Update: found a video about this https://www.coursera.org/learn/bayesian-methods-in-machine-learning/lecture/24u8X/log-derivative-trick


1 Answer 1


Great question, but I'm not sure a good answer exists (at this point in time). Indeed, this estimator (alternatively called the REINFORCE estimator, the score function estimator [SFE], and the likelihood ratio estimator) is known to have very high variance, which is a major problem in RL, as well as in other problems (e.g., differentiating through discrete latent variable models).

I think there are three reasons, intuitively, why it has very high variance.

  1. We use only values of $f$, never its derivative (which is usually unknown or non-existent). In other words, the estimator has no access to any information about how $f$ varies locally. Presumably, if we knew how our alteration was going to change $f$ infinitesimally, we could do better; i.e., exactly how our change in $\psi$ would affect $\theta$ (which we know probabilistically), and how perturbing $\theta$ would affect $f$. (We could then basically invoke the chain rule).

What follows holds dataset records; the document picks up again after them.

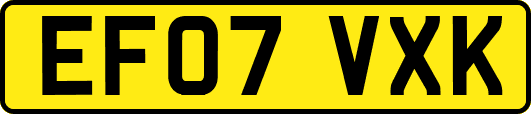 EF07VXK
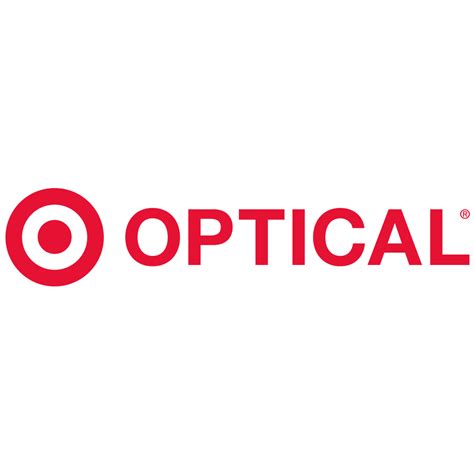 target optical arlington
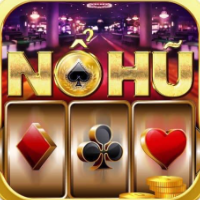 Nổ Hũ picture Nổ Hũ profile image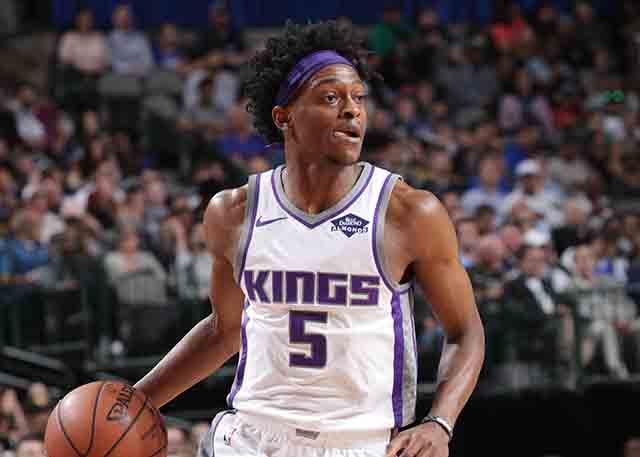 不确定性 不确定性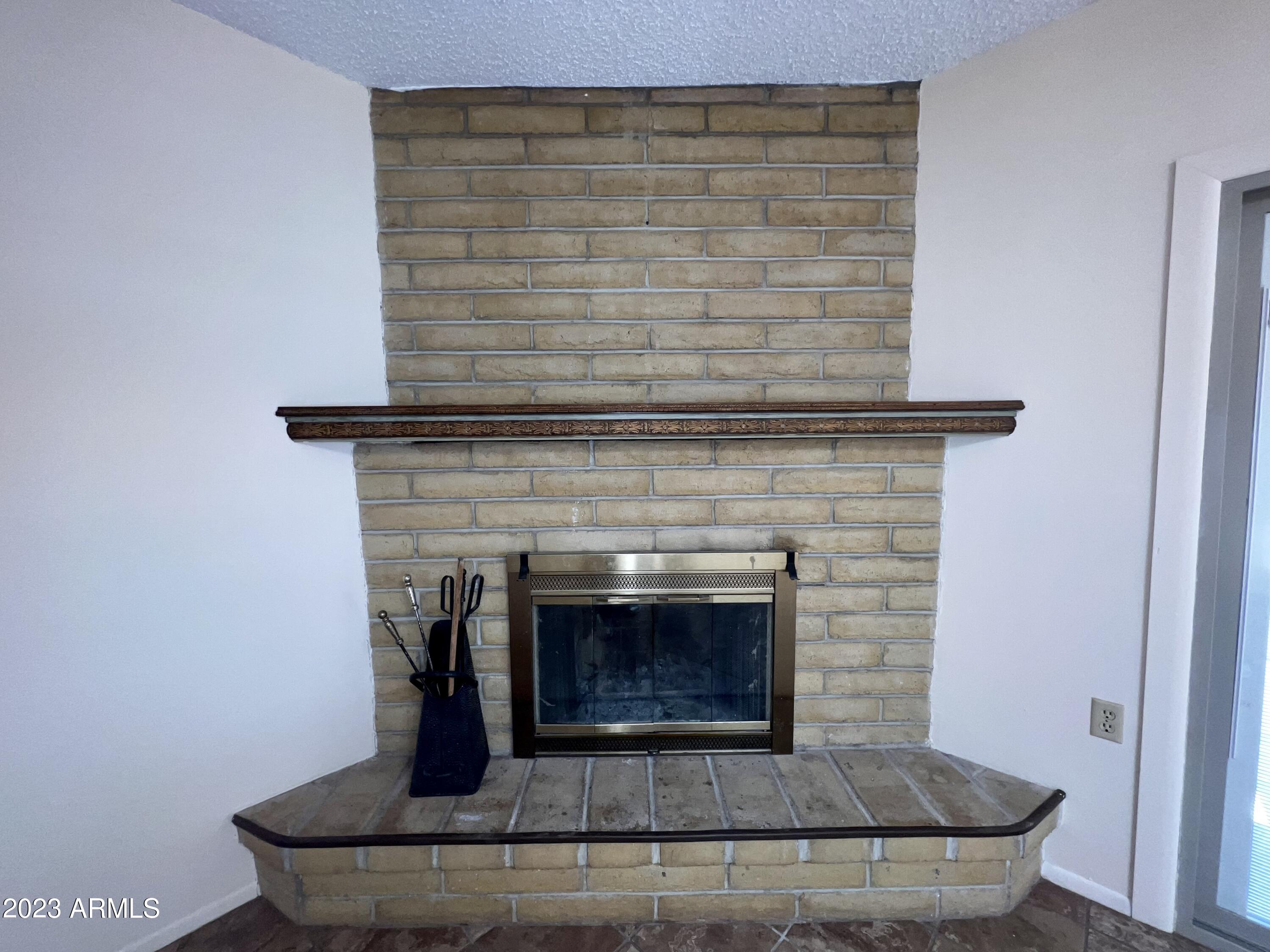 PUEBLO DEL SOL UNIT 3 - Residential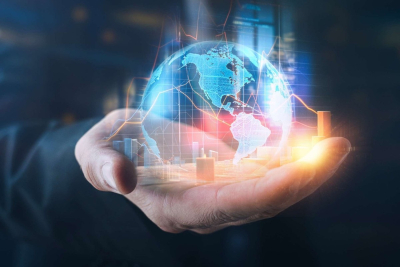 Κυριαρχία δια του εξαναγκασμού: Το νέο δόγμα της λαϊκιστικής δεξιάς που καταλύει την παγκόσμια τάξη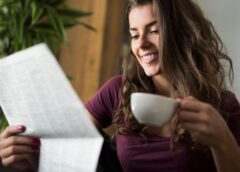 Furniture 101 Top Tips And Advice For Your Home - MultiTechGuru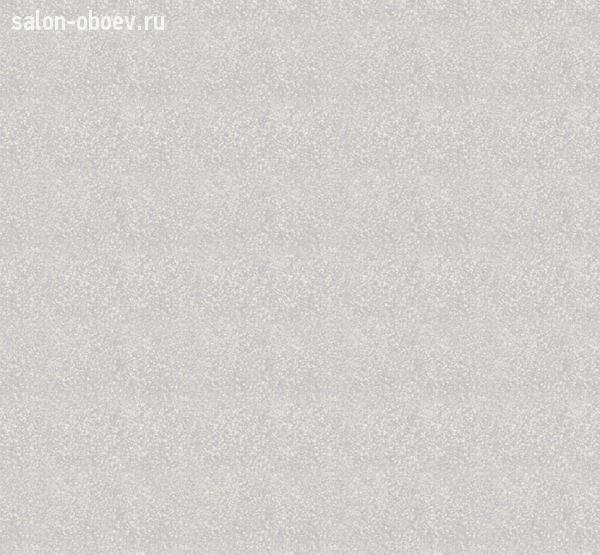 Обои ArtHouse Fantasia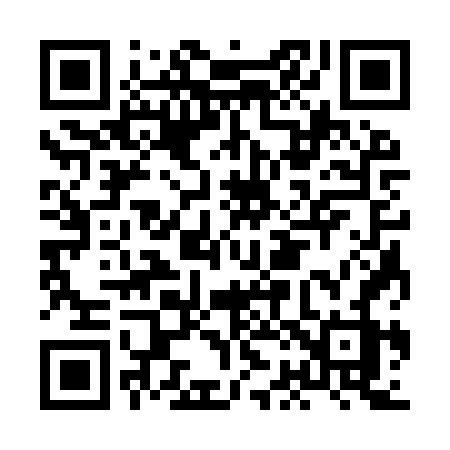 QR code for HB39VZ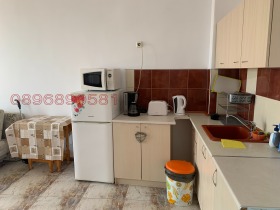 ������� 2-����� | Imot.bg � ����� ������ 10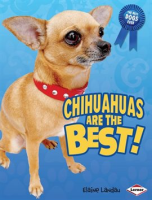Chihuahuas_Are_the_Best_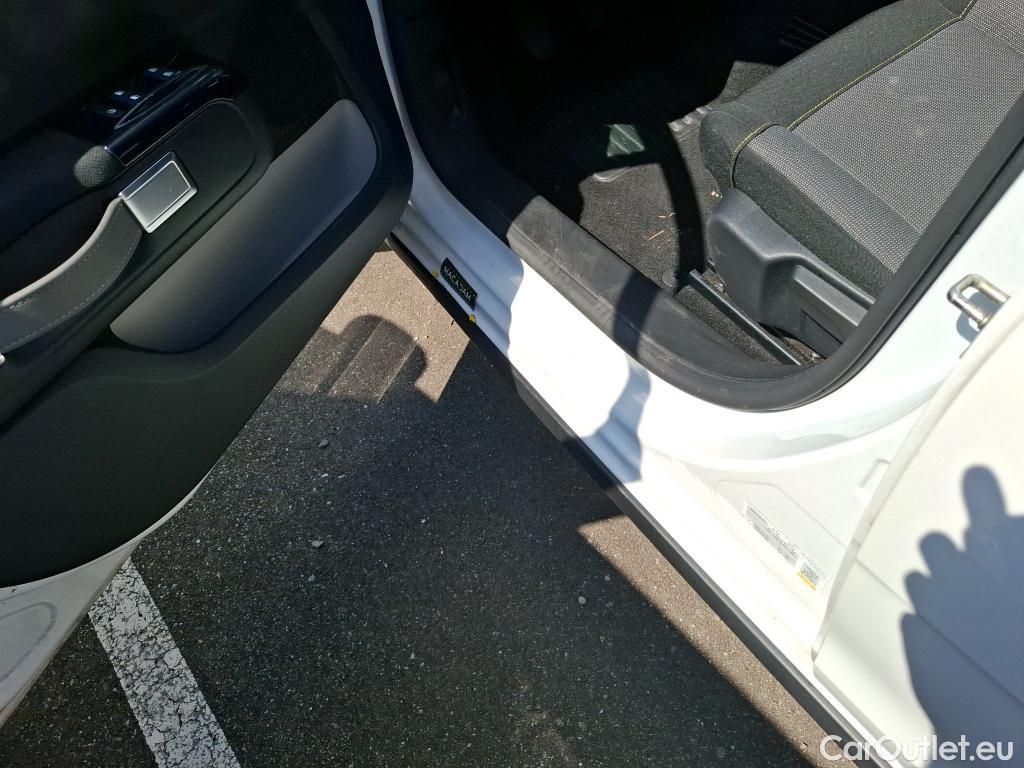  Citroen  C3 CITROEN  / 2016 / 5P / Berline PureTech 82 S&S BVM Feel Business #1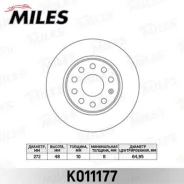 ���� ��������� audi a3 k011177 Miles K011177 ����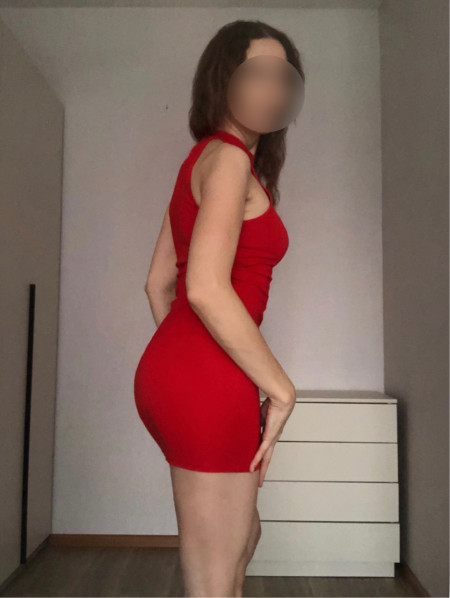 Частная массажистка Настя, Москва - фото 9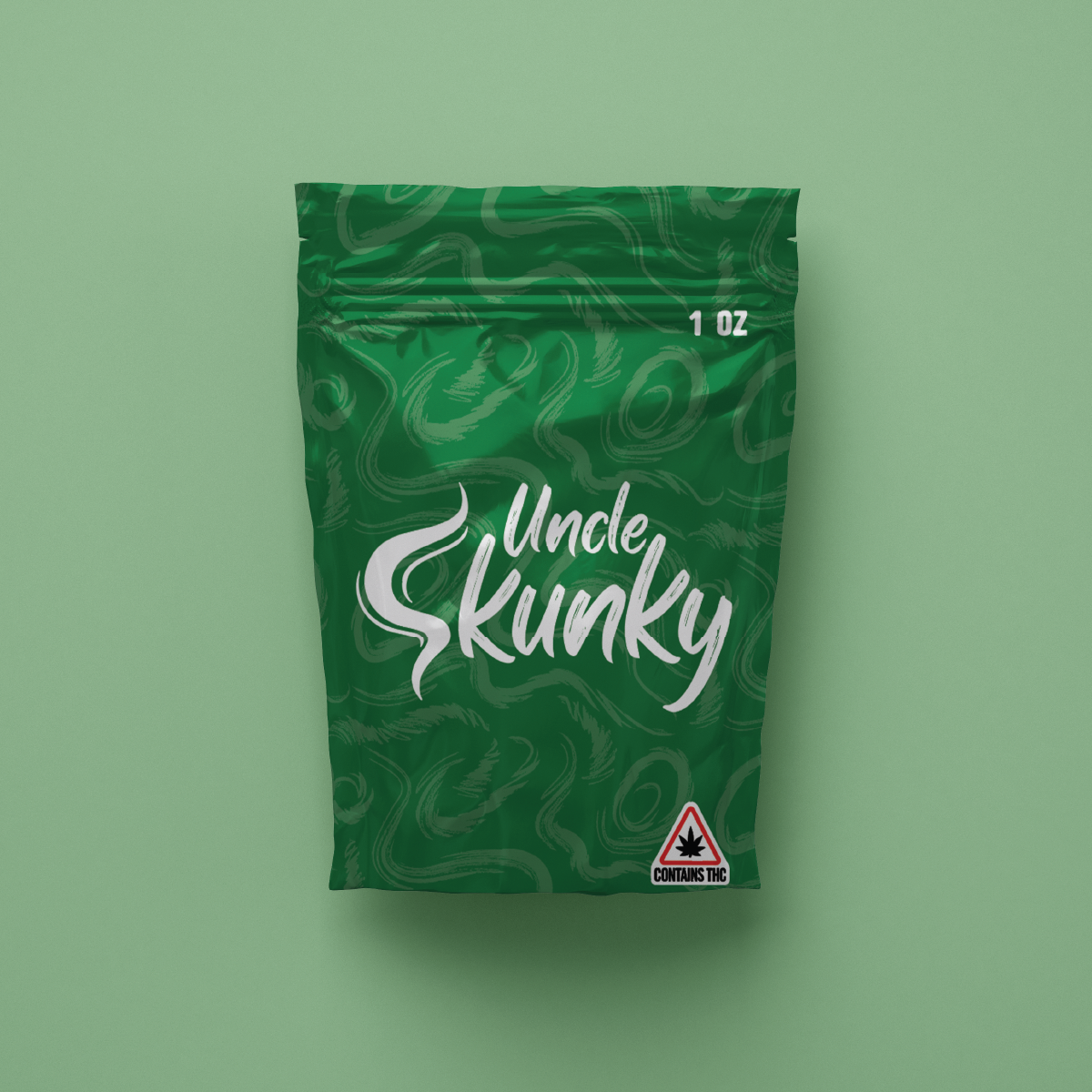 Vivid_website_packaging2_mockups-03.png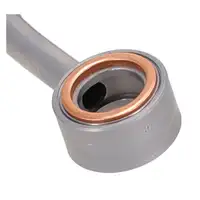 ORIGINAL DACIA RENAULT Oil line Turbo FEED Dokker Megane 4 Clio 5 1.5 dCi 151925946R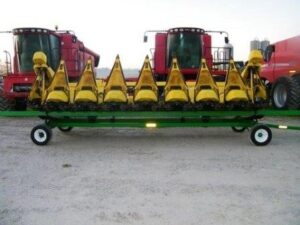 2001-NEW-HOLLAND-96CN8-48886-1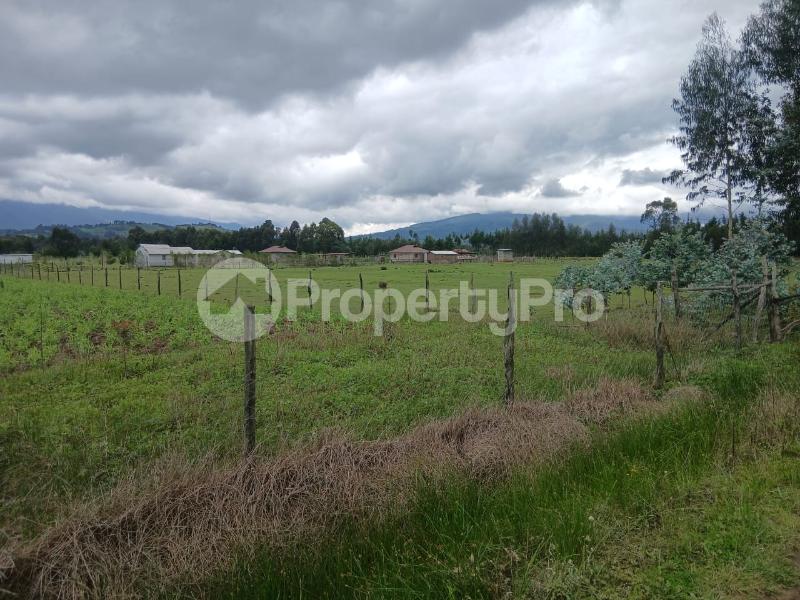 Land for sale Kipipiri Nyandarua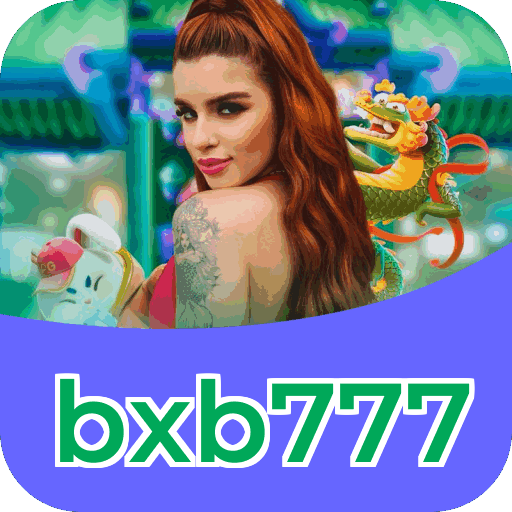 bxb777 APK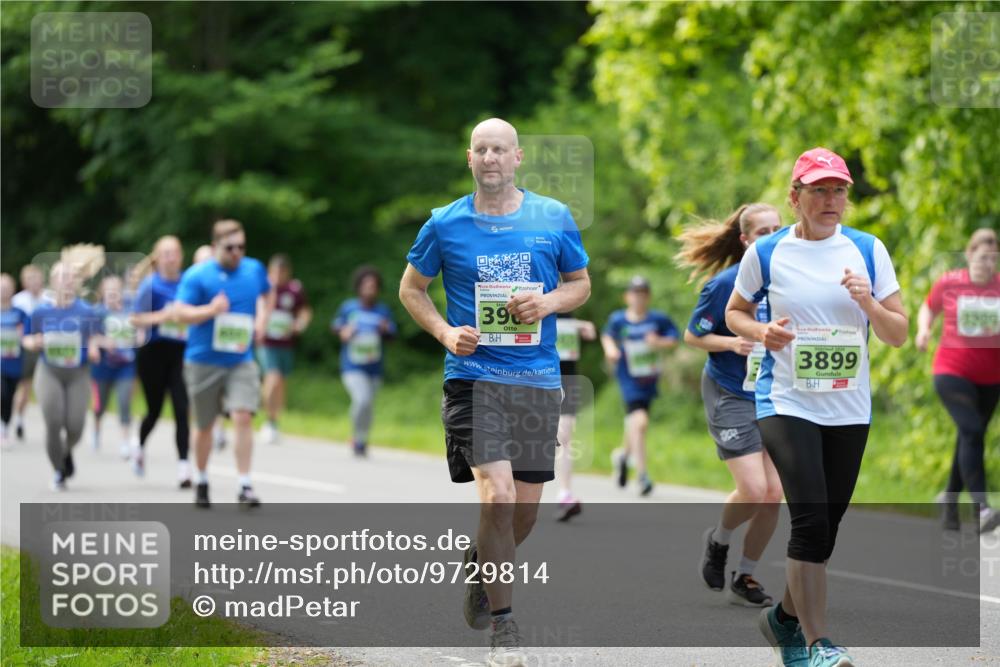 09.05.2026 - Störlauf LAZAROV Photography http://msf.ph/oto/9729814 09.05.2026 17:05:05 Laufen 390, 2020, 3899, 3999 meine-sportfotos.de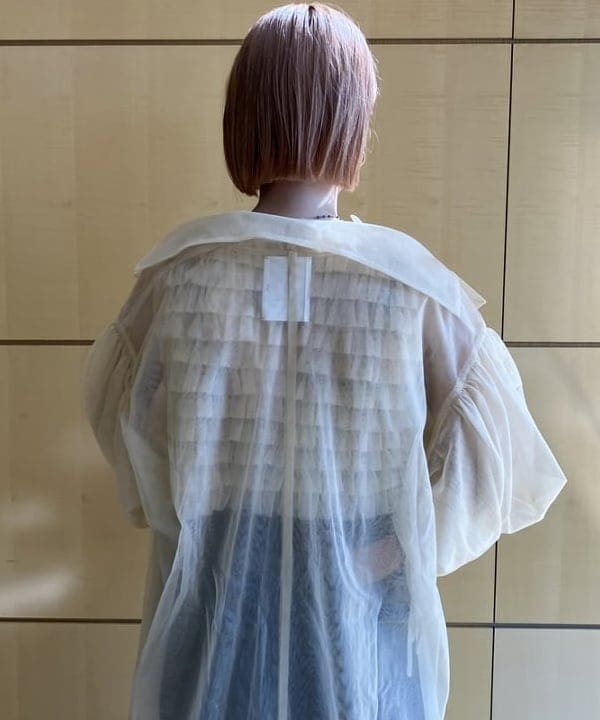 image8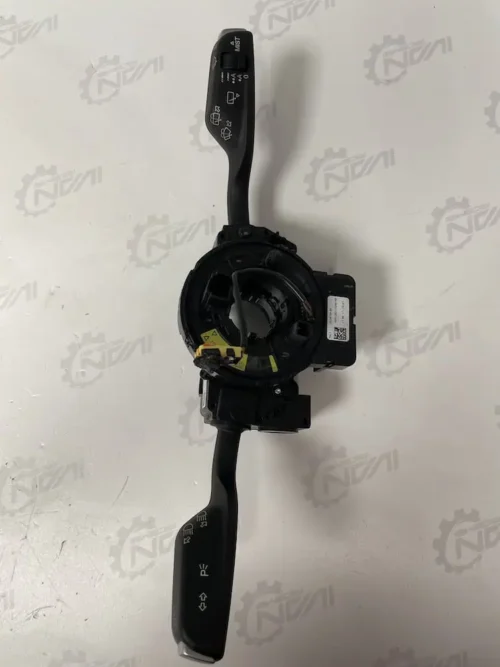 Devioluci Alfa Romeo Stelvio 2.2 JTDm (2016 >) – 01561356290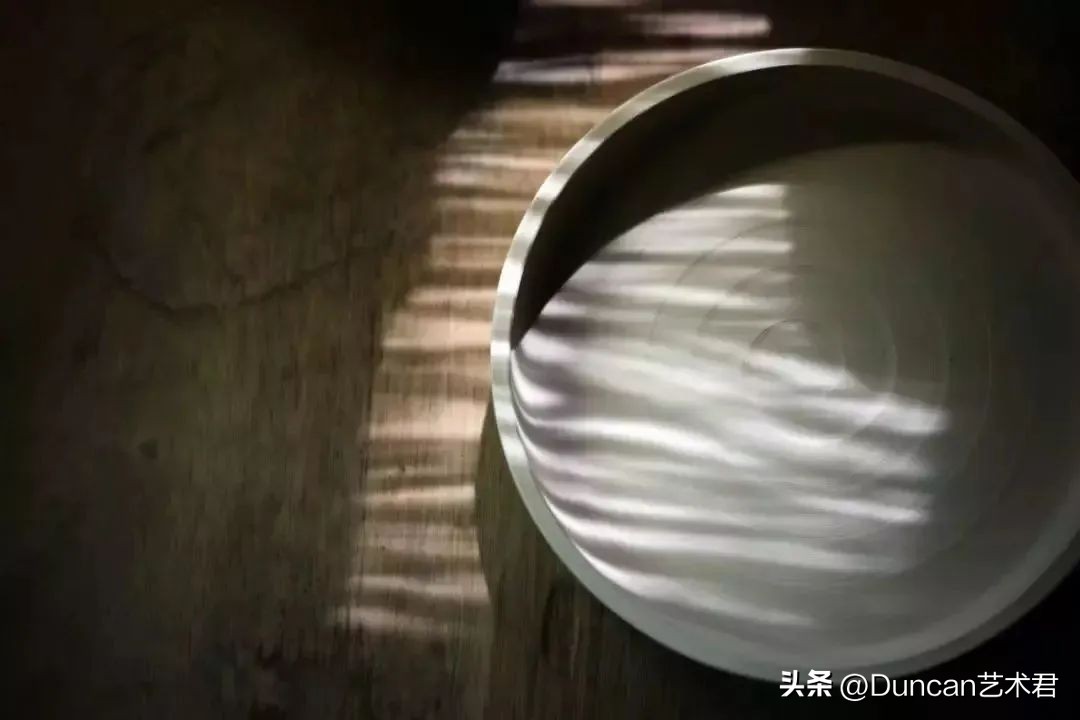 成都群光君悦酒店测评,成都群光君悦酒店价格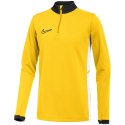 Bluza Nike Dri-Fit Academy 25 Drill Top Jr FZ9773 719 Nike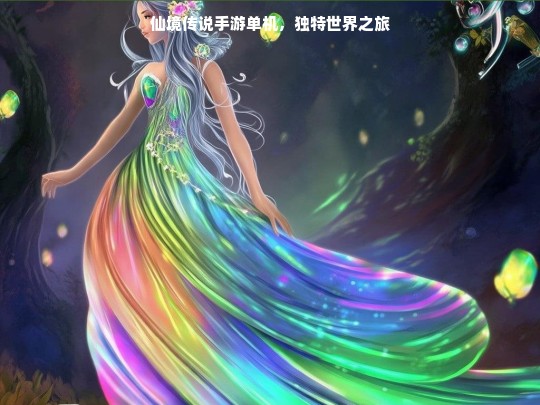仙境传说手游单机，独特世界之旅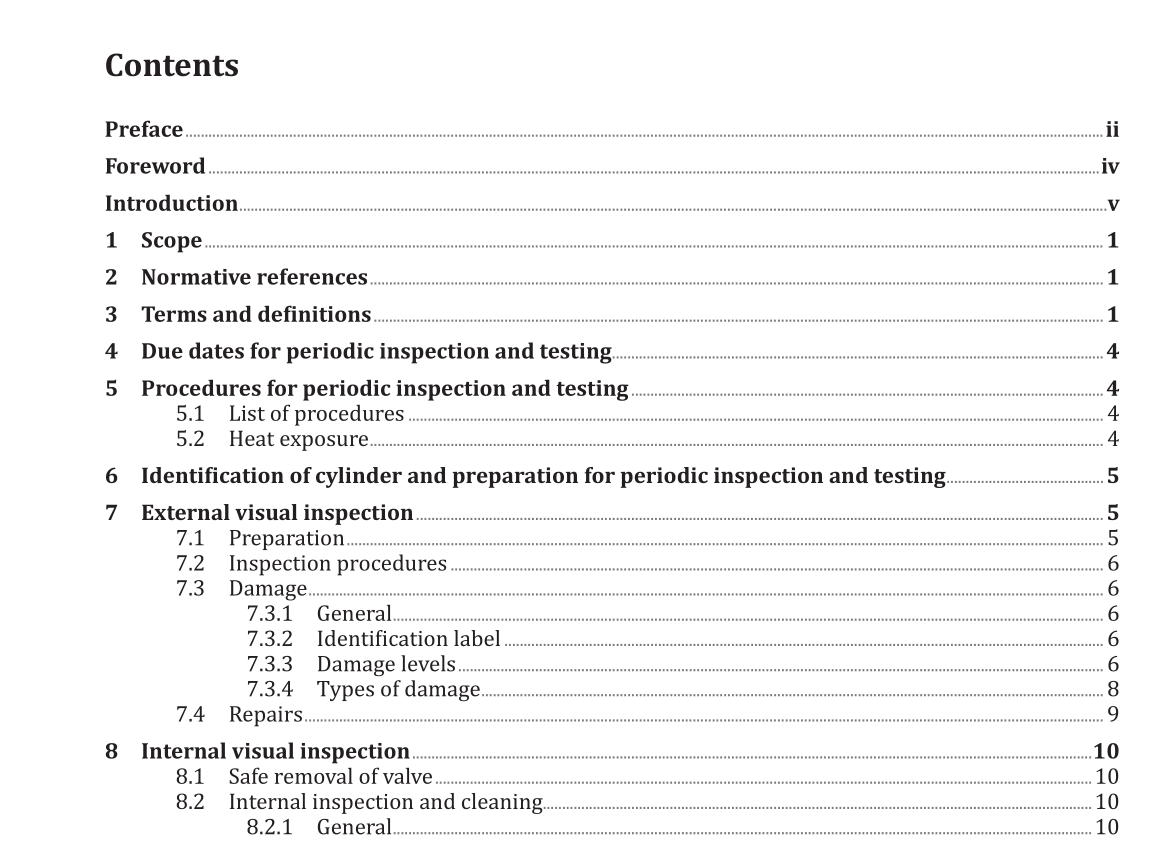 AS 2337.3 pdf download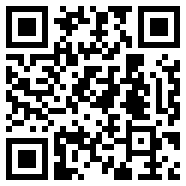 钢铁之躯2内置作弊菜单版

Basically, we just don't have much information. Since we don't know how $f$ changes, we cannot build it into the estimator (and our estimator is of a gradient, i.e., something that is measuring how the function is supposed to be changing).

  2. The SFE is extremely general, requiring absolutely nothing from $f$ except the need to be able to evaluate it. I think it is intuitive that it must pay a price for such generality. This is unlike, e.g., the reparametrization trick, which requires certain properties from $f$ and/or $\theta$, but may have lower variance (e.g., see [1]).

  3. The SFE is unbiased. There are closely related methods that sacrifice this property for greatly reduced variance. I think it's intuitive that there is some bias-variance tradeoff for such estimators. Building off stochastic optimal control theory, it turns out it's possible to use control variate baselines to reduce the variance without introducing bias however (e.g., [2]).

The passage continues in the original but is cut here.